El filósofo Bruno Latour proponía que la humanidad hoy se divide en tres grandes grupos: el de quienes “se sitúan antes del apocalipsis” que “son quienes viven en la dulce inocencia o en la indisculpable ignorancia”; los que se sitúan después del apocalipsis, a quienes “ninguna trompeta del Apocalipsis será capaz de despertarlos de su sueño, y descenderán como sonámbulos hacia las formas más o menos confortables de aniquilación”.
Latour sólo tiene esperanza en quienes se sitúan durante el apocalipsis, que son aquellos que, porque han atravesado esa experiencia apocalíptica, “saben que no escaparán al tiempo que pasa”; su “pasión apocalíptica no tiene otro objetivo que el de impedir el apocalipsis”.
Mi madre, también maestra de vida, teóloga autodidacta y discípula de comunidades apocalípticas, quiso enseñarme que el apocalipsis —contra las creencias coloniales hecha cuerpos—, no es un evento sino un movimiento. Históricamente, es un “movimiento de creyentes que nace unos 700 años antes de Jesús y que la iglesia oficial logró ‘sofocar’ y desviar el sentido del mismo. Con lenguaje mítico —para no ser interpretado por el imperio dominante— aluden a la construcción de una nueva sociedad, aquí en la tierra”.
En el marco de la Teología de la Liberación, se trata de un movimiento aún más radical que el profético, que apuntaba a “cambiar los corazones de quienes tienen la potestad de gobernar”; en el horizonte apocalíptico, “se trataba de acabar con el propio sistema de gobierno; de revolucionar el orden del Imperio”.
Por casualidad o no, el 12 de octubre pasado en Paracatú do Baixo, en el templo marcado por el barro de Samarco, se leyó un extracto del libro del Apocalipsis. Sin saber su sentido luego revelado, esa sola palabra me estremeció y me hizo sentido para intentar comprender semejante paisaje en ruinas. Creo que la pregunta adecuada para aprender no es ¿qué significa un atingido/a (afectado/a)?

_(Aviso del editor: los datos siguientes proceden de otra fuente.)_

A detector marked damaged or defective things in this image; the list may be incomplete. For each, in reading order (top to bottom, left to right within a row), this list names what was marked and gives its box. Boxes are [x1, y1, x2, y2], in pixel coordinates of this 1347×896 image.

Sino de dónde saca fuerzas para sobrevivir, para re-existir.
Entre lágrimas, me viene a la memoria la palabra de Patricia Greneroso: “Siempre pensé que sólo la fuerza sagrada de las comunidades podría parar la fuerza devastadora de la minería. Con esa esperanza y esa convicción empecé a participar de estas luchas… La revolución contra la minería nace de las comunidades afectadas, porque ni los sindicatos defienden siquiera los derechos de los trabajadores de las mineras”.
Su compañera de lucha María Teresa Corujo, «Teca», explica la centralidad de las mujeres en este movimiento: “Esta lucha exigen un esfuerzo sobre-humano. Muchos sucumben; sencillamente no aguantan… Pienso que las mujeres continuamos perseverando más, porque sabemos compartir el dolor; lloramos y salimos llorando de cada reunión, pero fortalecidas. Nuestra cultura crea en los hombres un impedimento para ser emotivos. Hay un mandato que les lleva a anular su afectividad y eso mismo los hace más débiles y vulnerables. Sólo compartiendo el dolor se puede caminar esta lucha”.

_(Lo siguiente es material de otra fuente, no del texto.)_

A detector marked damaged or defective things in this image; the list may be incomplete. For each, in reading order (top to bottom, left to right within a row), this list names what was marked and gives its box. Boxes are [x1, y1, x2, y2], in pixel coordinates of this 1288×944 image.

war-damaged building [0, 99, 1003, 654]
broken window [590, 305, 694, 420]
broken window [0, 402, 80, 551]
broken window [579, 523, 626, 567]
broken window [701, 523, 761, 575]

Sobrevivir. Re-existir. Vivir con la consciencia de ser-Tierra que vive en un tiempo apocalíptico; de apocalipsis político: extinciones masivas políticamente provocadas por un patrón de poder que violenta, irrespeta y arrasa la trama comunal de la vida. Re-existir, re-hacer las condiciones de la propia existencia en un tiempo en el que sustentar la vida requiere acabar con este sistema necro-económico que nos ha arrebatado el mundo, el mundo de la vida, y se está devorando la Madre-Tierra.